WHAT YOU NEED TO DO:
The expected output is every line of the data exactly as shown, minus the images.

DATA PROVIDED:
<<<<

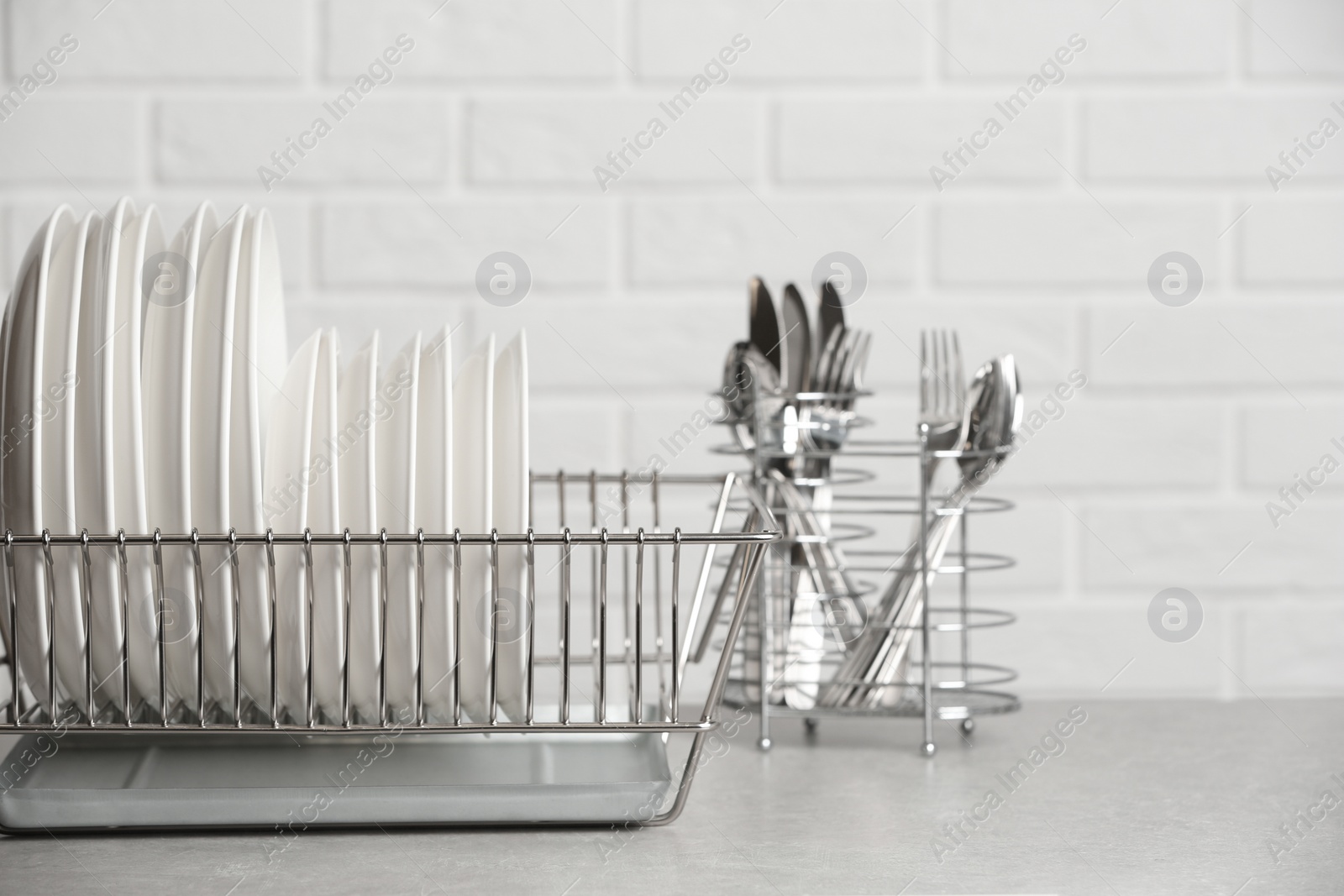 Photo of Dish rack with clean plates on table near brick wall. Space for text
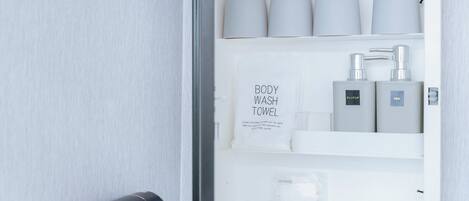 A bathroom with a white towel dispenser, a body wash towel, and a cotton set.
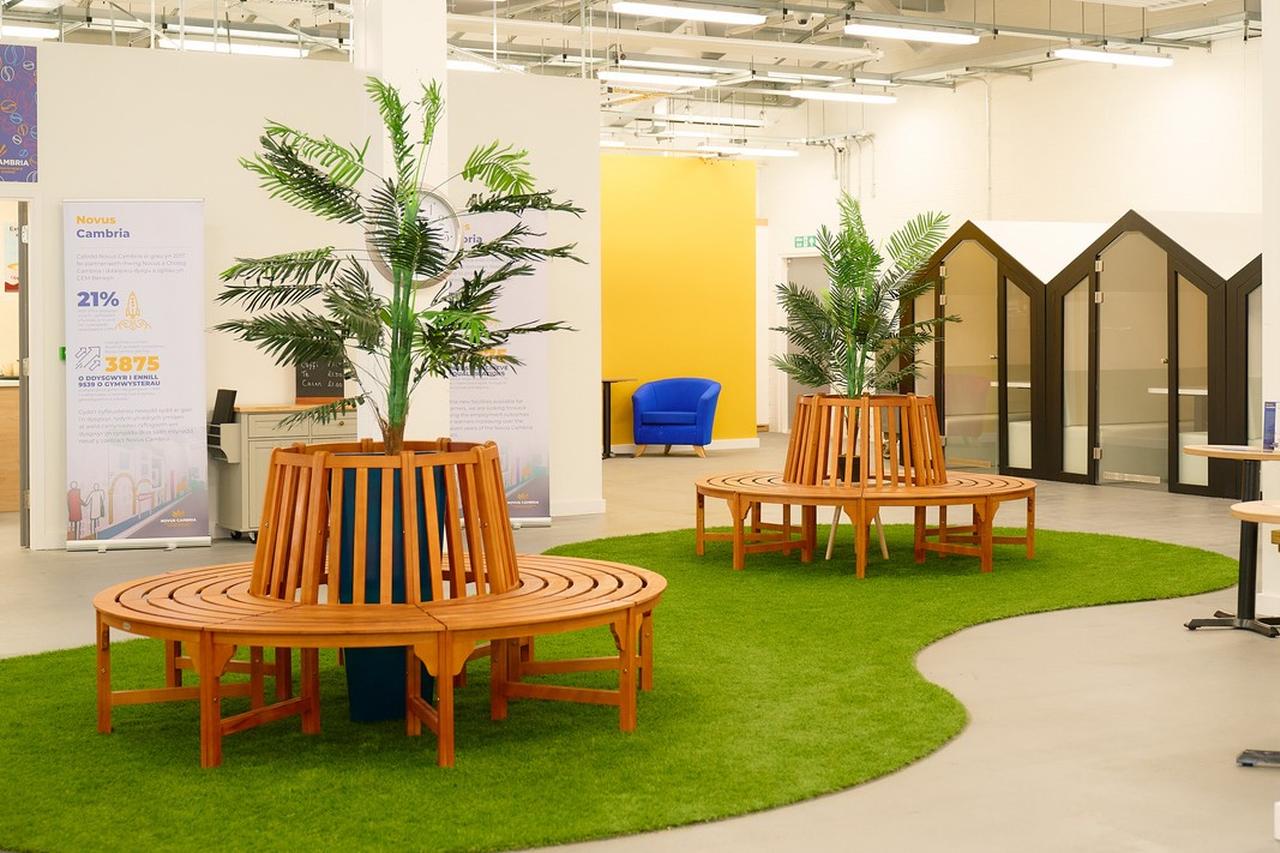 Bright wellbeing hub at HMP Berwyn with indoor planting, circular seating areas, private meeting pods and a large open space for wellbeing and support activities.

>>>>

YOUR RESPONSE:
 Photo of Dish rack with clean plates on table near brick wall. Space for text
 A bathroom with a white towel dispenser, a body wash towel, and a cotton set.
 Bright wellbeing hub at HMP Berwyn with indoor planting, circular seating areas, private meeting pods and a large open space for wellbeing and support activities.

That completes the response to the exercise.